Worst-Case Complexity of Ford-Fulkerson
Ask a computer scientist the worst-case complexity of the Ford-Fulkerson algorithm1 with integral edge capacities, and you'll likely get the answer of O(E*|f|), where E is the number of edges in the graph, and |f| is the capacity of the maximum flow, f, that the algorithm seeks to find. Indeed, that would have been my answer, as well. Until I tried to exploit that worst-case behavior.
Recently, I have been developing Java programs containing algorithmic complexity vulnerabilities, in order to test vulnerability detection tools being developed. Ford-Fulkerson seemed a perfect example of an algorithm where inputs that produce worst-case behavior are relatively rare, yielding a denial-of-service vulnerability that is difficult to detect by fuzzing.
On each iteration, the algorithm finds a path from the source to the sink that has some additional capacity that hasn't already been used in previous iterations. This is called an augmenting path. This path may include backtracking along an edge that has some of its capacity already used.
A worst-case example is one with a small augmenting path. Such a graph would cause only small increments towards the maximum flow on each iteration. The figure below shows such a graph, the standard graph used when discussing the complexity of the algorithm.

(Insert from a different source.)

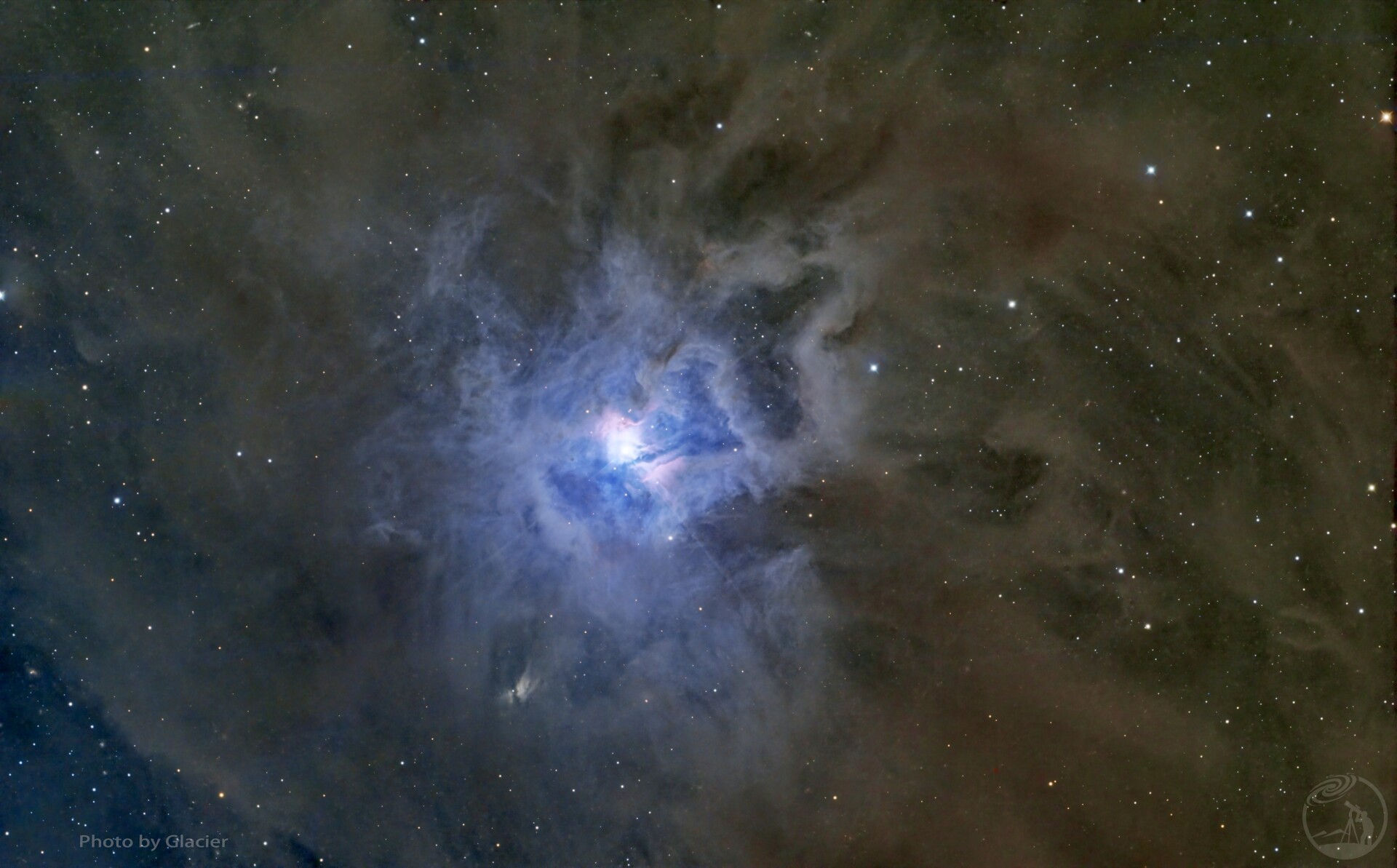 NGC7023. 鸢尾花星云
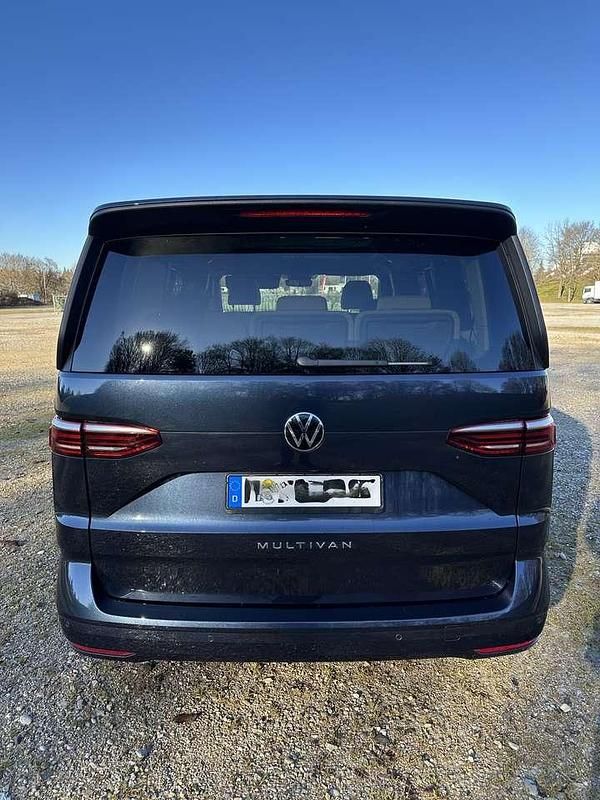 Gebraucht VW Multivan Life 150 PS (110 kW) 2024 Blau Van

However, the worst-case analysis assumes that the algorithm will always make the worst possible choice, first taking augmenting path ABCD, then backtracking along ACBD, then ABCD, etc., repeatedly using BC, first forward, then backward. But no natural implementation of the algorithm would do this.
At any given node, the algorithm must select which edge to explore next for a possible augmenting path. If we assume edges are always traversed in some fixed order, the algorithm will complete in 2 or 3 iterations (3 if the ordering is such that the augmenting path ABCD is the one taken first.)
Suppose, instead, that edges are explored in random order. At any given step, the probability of taking a path that doesn't allow the algorithm to complete immediately is .25. So, it could happen that the worst-case scenario arises, but the probability of that happening is 1 in 41,000,000, so good luck to an attacker trying to exploit this! (In general, the probability of the algorithm requiring n iterations is 1 in 4n.)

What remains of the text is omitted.